Of course, each of the stories is true sometimes, and neither is true always. Thus is an irony in this modern myth-remaking. The microfinance movement has rightly been animated by a belief that the poor are no less creative or ambitious for being poor. But to live up to that spirit of respect, we ought to minimize our preconceptions about how the poor do and ought to use financial services. Let us define the global rich as the billion or so people who live in relative material comfort and security. If you belong to this group, you can see that your peers are a diverse group, using financial services such as savings and loans and insurance in diverse ways with diverse outcomes. The experiences of the 5 billion or so poor people are at least as varied. Some get trapped in debt. Others, whom we call microentrepreneurs, do borrow money to stock up their corner stores or invest in goats. But even those two stories are not the “whole story.” A family might save to prepare for a wedding, buy insurance to dampen the feared shock of a father’s death, or borrow for antibiotics for an ill son.

Poor people, like everyone else, want financial services for many purposes in addition to starting a business. If anything, in fact, people living close to the jagged financial edge need financial services more than the rich. Unfortunately, and inevitably, while the better-off can usually find services tailored to specific needs, from mortgages to life insurance to retirement accounts, those less fortunate must choose from lower-quality options, which thus are often not well matched to the needs at hand. As the authors of the seminal 2009 book Portfolios of the Poor have shown, the poor must patch together unreliable or inflexible services—loans from friends, store credit, neighborhood savings clubs, and microcredit—to manage money as best they can.[3] This book asks what microfinance does for the poor. Let us start our investigation from the client’s point of view.
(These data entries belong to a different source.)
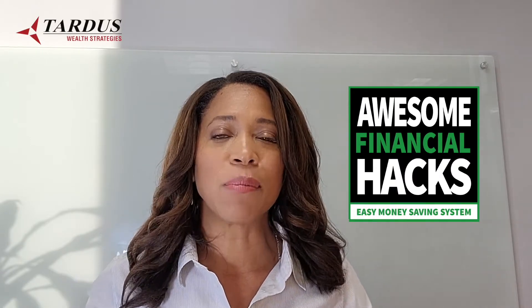There's also a program I want to highly recommend called Awesome Financial Hacks — there are literally hundreds of cash flow strategies in that program, and I'll show you how you can get the first six months free in the description box below.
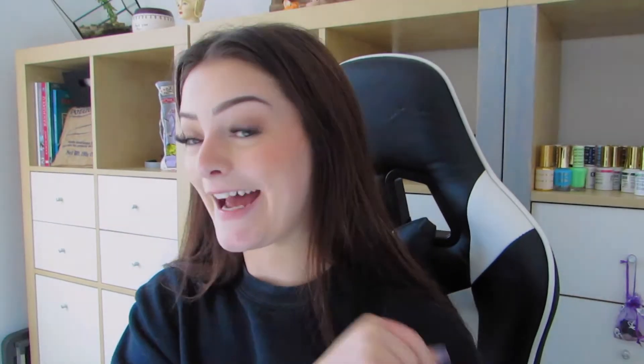I just finished doing my nails. I ended up doing something completely different than I was going for, but I really, really love them. They took me two and a half hours, which for doing your own nails is actually not bad. I'm actually so obsessed with them — like, I really did that. I'm going to do my pedicure right now and I will update you guys after on what we're going to do next.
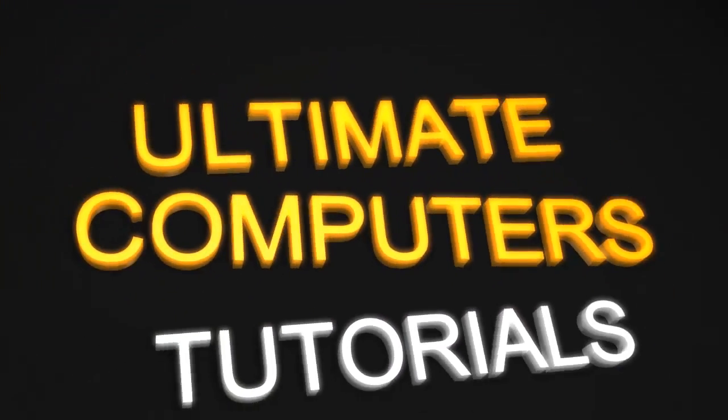Hi, Jeremy Blum here with another video tutorial for ultimatecomputers.net. Today I'll be showing you how to upgrade the RAM in your laptop.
How the rich use financial services

The global rich have access to a spectacular variety of financial services: checking and savings accounts, home mortgages, car loans, credit cards, mutual funds, retirement funds, brokerage accounts, insurance for cars, houses, health, life, and disability….Just as it is hard for a New Yorker who samples a new restaurant each week to ken the life of a Guatemalan highlander subsisting on tortillas, so is it hard for those who enjoy a wealth of financial services to empathize with a woman for whom saving means hiding money from her husband in the folds of her sari.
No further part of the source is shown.